NY

James Turk edited this page Mar 28, 2013 · 5 revisions

What we're scraping and why

===================

We're currently using the senate api for:

  * the master list of active bill_id
  * the short bill title

We're currently scraping the senate website for:

  * bill "subjects", which on their site is the law compilation the bill primarily affects.
  * senate committee and floor votes
  * senate sponsor's memoranda
  * committee meetings

We're currently scraping the assembly for:

  * Bill sponsors, actions, and summaries
  * assembly votes
  * assembly sponsors' memoranda
  * version urls
  * assembly events

Senate API issues:

  * Bill actions are sometimes mangled or truncated in "uni bills"
  * Bill action ordering is mangled--an errant date sort occurring in the api somewhere
  * Sponsors are getting mangled on some bills
  * Bills have no session attribute
  * Assembly same-as id's aren't consistently displayed on the on the senate site.

Weirdness Of NY Companion Bills

=======================

NY has "same-as" bills, which are companion bills. It also has "uni bills", which as same-as bills that can only be amended if the amendment passes both houses. In other respects, they're two separate bills though.
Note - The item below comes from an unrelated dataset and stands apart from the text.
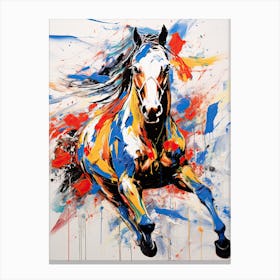 Horse Painting In The Style Of Abstract Expressionist 1 Canvas Print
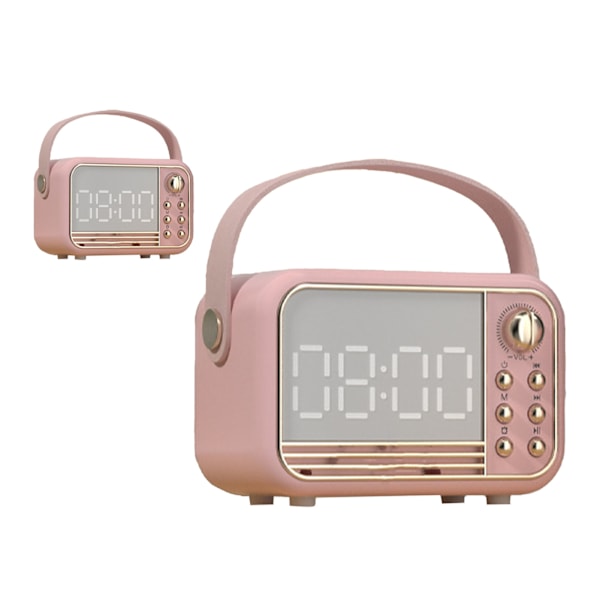 Retro bärbar Bluetooth-högtalare trådlös mini Bluetooth-högtalare klassisk retro musikspelare ljudstereo rosa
Other Vagaries of NY Legislative Info

==============================

The assembly site doesn't publish senate votes. The senate site doesn't publish assembly votes.

So it seems the only way to get all votes for a bill that has a companion is to scrape both, then merge each's votes into the other, but only if the other hasn't been substituted and killed away first. AAAAAAAAARGGH!!